Having introduced this idea, Hawley uses the term “Epicurean liberals” throughout the book to describe what he presents as a dominant monoculture: A world of non-conservatives, non-Godly people, who consume treats and watch porn and play video games and don’t like to work, and either are trans or support the right to trans self-determination. (If you thought Hawley wouldn’t mention the viral contretemps he got into with a Berkeley law professor over what “woman” means, in a Senate Judiciary Committee hearing last year, think again. It’s in the introduction! I think that may have been the best day of Josh Hawley’s life.)
You will not be surprised to hear that Josh Hawley wants to claim true “manhood”—a state embodied, for him, by the Biblical archetypes of husband, father, warrior, builder, priest, and king, each of which get a chapter in the second part of this book—as the province only of the right wing. But the hoary chestnuts of advice in these sections would be nothing without the straw man of “Epicurean liberalism” to fight against. If men are going wrong, Hawley argues, it’s because they’re falling into a culture trap set by Epicurean liberals, just like Andrew Tate did. Hawley presents these same “liberals” as undisturbed by, or even welcoming, the mental health issues, persistent anomie, and rising suicide rates that plague American men in 2023. Liberals who also have worries about the effects of smartphones on their kids, or who get up early to lift weights, don’t exist—only self-satisfied elites informed by, hmm, ancient Greek philosophy.

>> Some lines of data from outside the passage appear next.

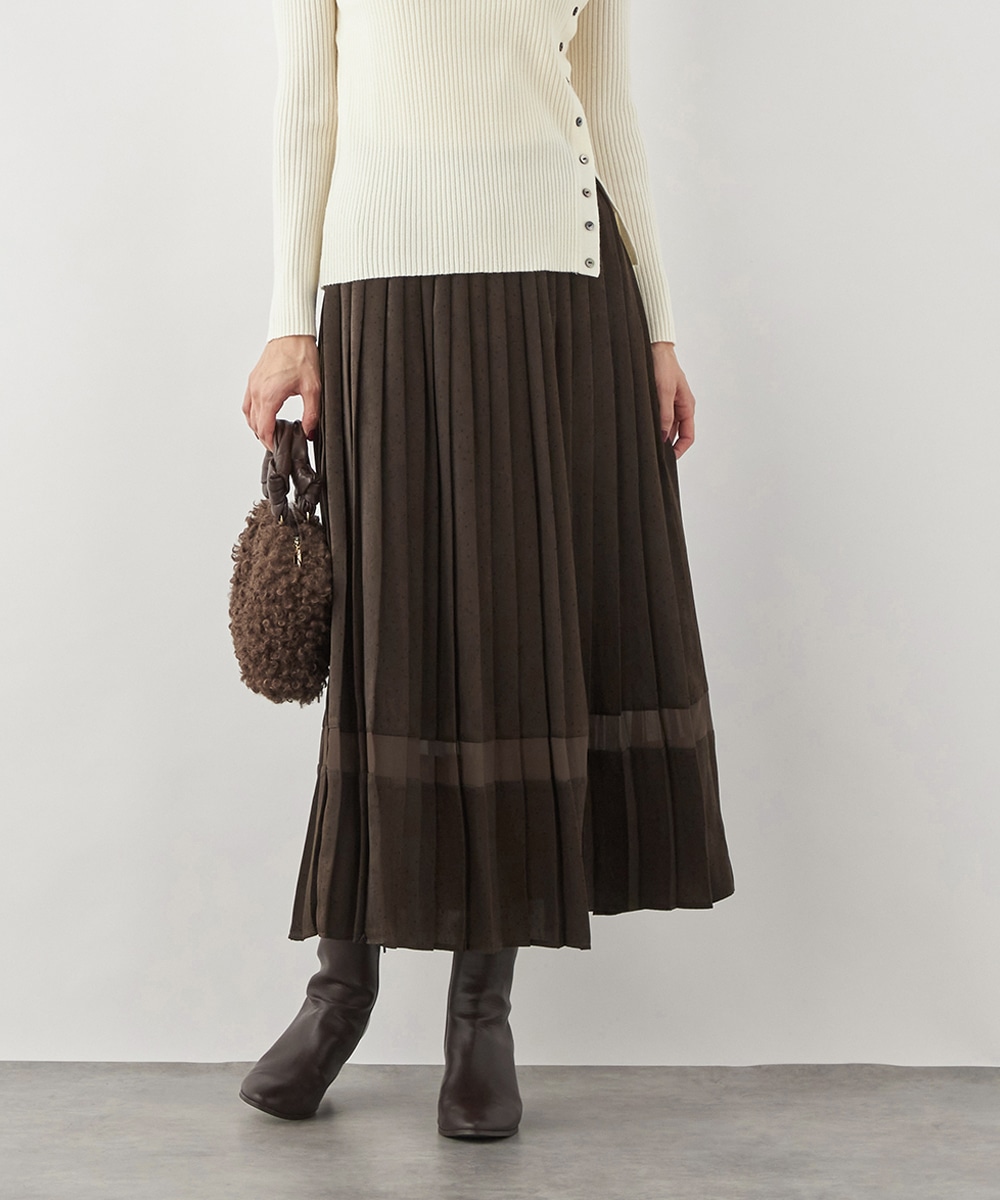 ドットプリーツスカート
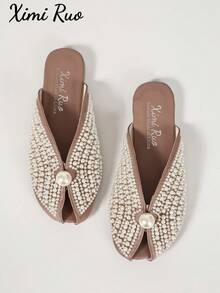 Ximi Ruo Women's Peep-Toe Flat Slides Spring New Fashion Outdoor Wear Rhinestone Closed Toe Slippers Slouchy Mule Shoes Internet Celebrity Closed Toe Slippers Women's Shoes Outdoor Wear Spring Summer New Fashion Pointed Toe Chunky Heel Mule Shoes Rhinestone - Watermelon Pink - View 7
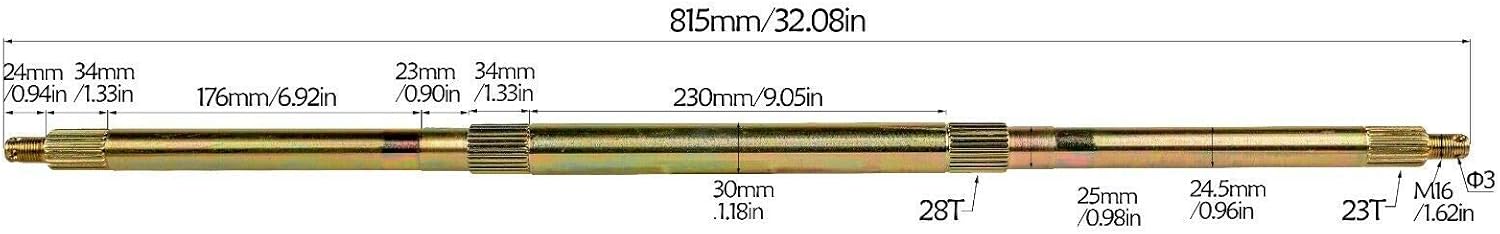 815mm Rear Axle Shaft Kit with 7.5" Brake Disc Z64141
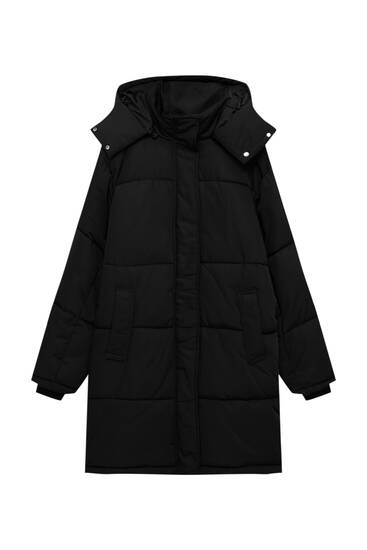 Long quilted hooded coat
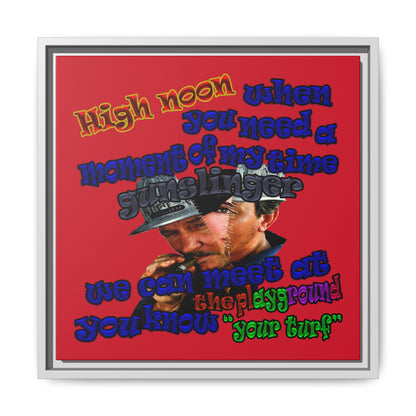 high noon - framed canvas art (dark red)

This culture-warrior perspective on manhood is so bizarre to read, knowing Hawley’s political indebtedness to the consumerist, gimme-gimme, consequences-be-damned MAGA vibe that currently dominates the Republican Party. In the chapter on being a “king,” Hawley briefly acknowledges the existence of men who “desperately want authority for all the wrong reasons.” Then, he basically describes Donald Trump, a person whose name does not appear in this book: “They preen, they abuse, they dominate. They see others as means to their own ends.” This kind of manhood, marked by a wrongful use of dominion, is actually—here comes the magic trick—a type of masculinity that’s produced by Epicurean liberalism. It creates people who live according to their own “moral truth,” but ”sooner or later, if you are not a megalomaniac, you grow up and realize you are part of a world with other people in it that you have no right to control.” Do you? Or do you bow down to, and serve such a man, because it’s to your political advantage?
There was one part of this book that I liked. In the chapter about being a husband, Hawley describes taking his boys to get donuts on a Saturday morning, and seeing his older child walking with a limp. For a while, he and his wife thought his son Elijah might have a rare disease that would affect his joints and hinder his mobility for the rest of his life. The way he wrote about this—describing exactly what was happening in the moments before he saw the limp, laying out all of the fears they had about his future—resonated with me, a fellow parent and a noted sucker.
Josh Hawley: I’m glad it turned out not to be serious. I’m glad Elijah is back to soccer. I also wish schoolkids got more recess. And we like to explore creeks, too. Maybe your next book can be about that.